* [Task goal]: Print each line exactly, from the one with "Silvia Effortless Maxi" to the very last line of the listing, and keep the pictures out.
--- Supplied data ---
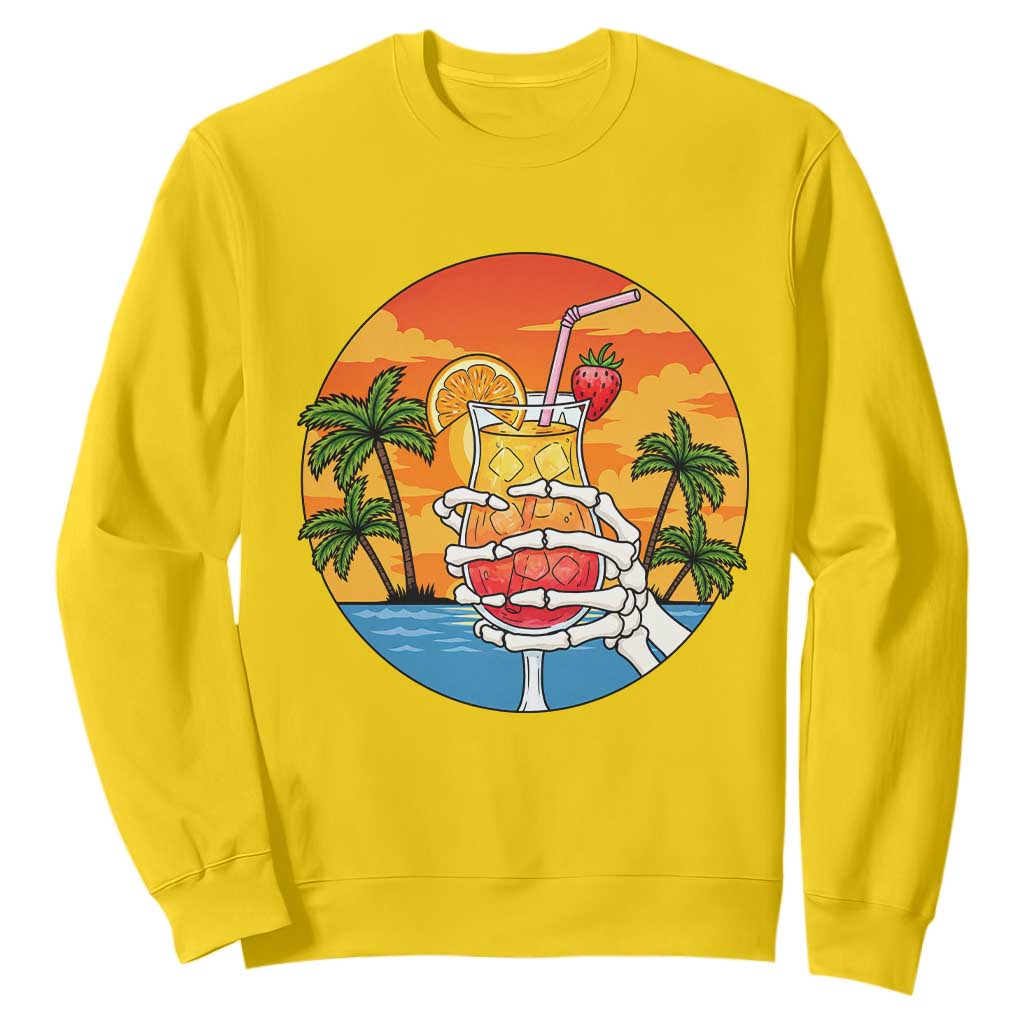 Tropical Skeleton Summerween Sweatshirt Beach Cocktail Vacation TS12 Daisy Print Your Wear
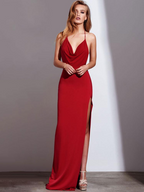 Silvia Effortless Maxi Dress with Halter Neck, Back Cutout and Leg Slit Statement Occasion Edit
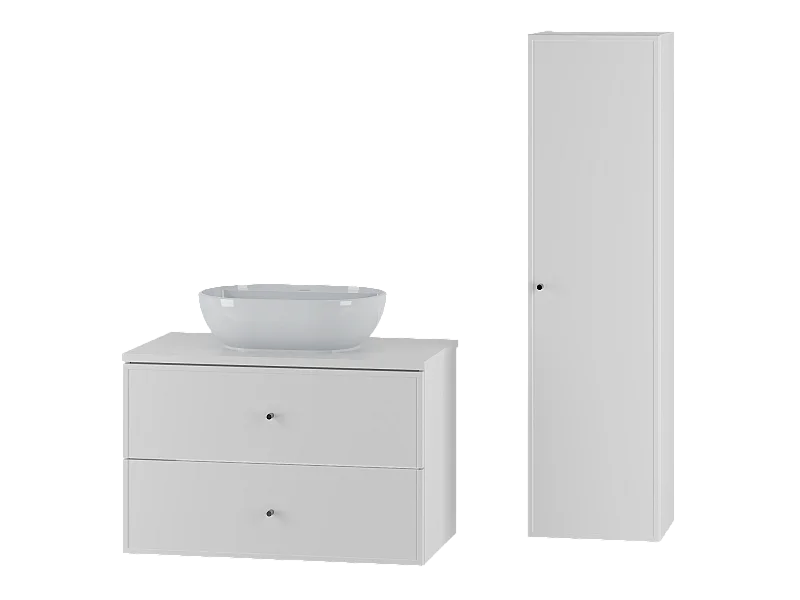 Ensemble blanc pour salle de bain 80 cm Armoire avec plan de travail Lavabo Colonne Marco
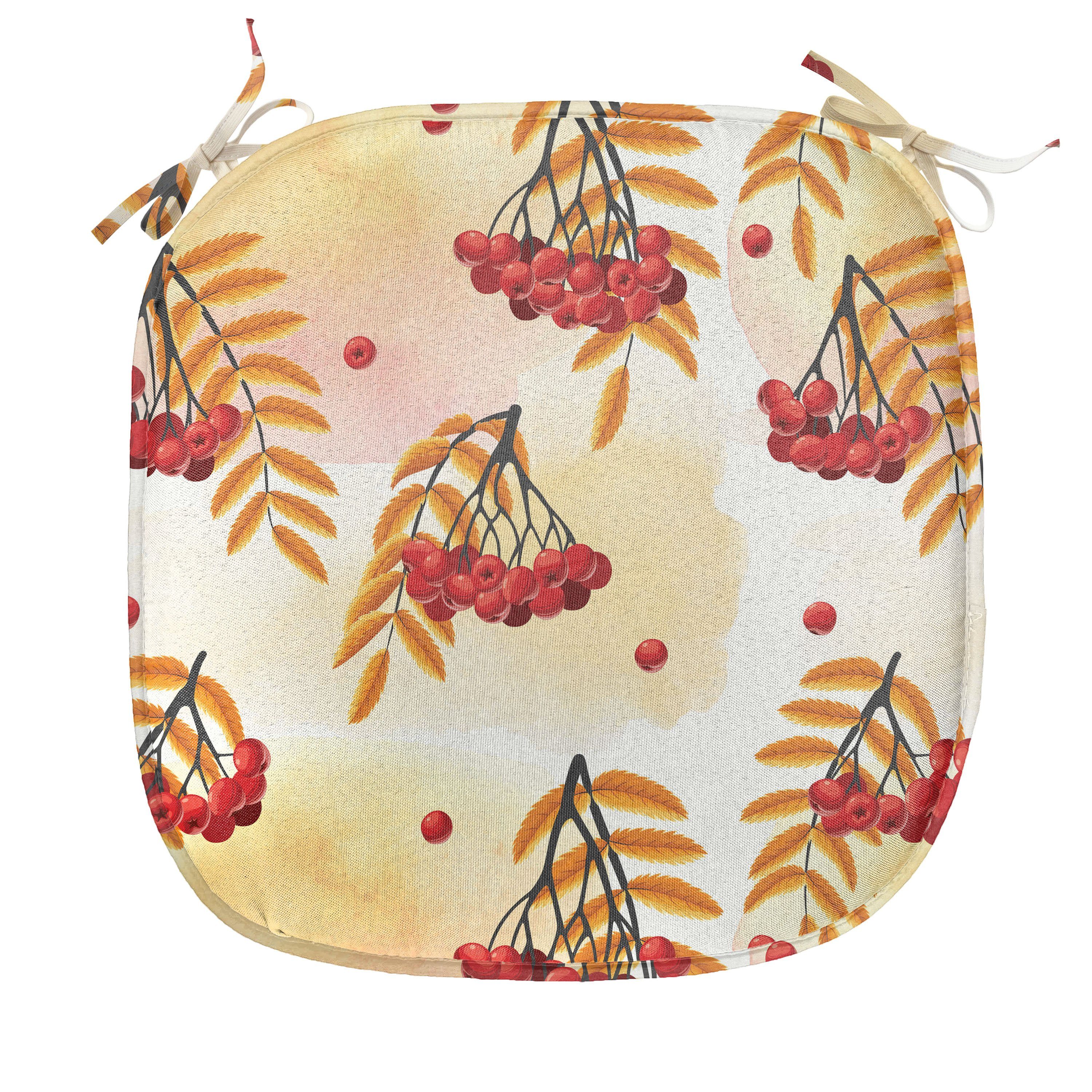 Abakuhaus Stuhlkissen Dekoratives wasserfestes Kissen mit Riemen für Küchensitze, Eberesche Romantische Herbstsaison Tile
---
* [Result]:
 Silvia Effortless Maxi Dress with Halter Neck, Back Cutout and Leg Slit Statement Occasion Edit
 Ensemble blanc pour salle de bain 80 cm Armoire avec plan de travail Lavabo Colonne Marco
 Abakuhaus Stuhlkissen Dekoratives wasserfestes Kissen mit Riemen für Küchensitze, Eberesche Romantische Herbstsaison Tile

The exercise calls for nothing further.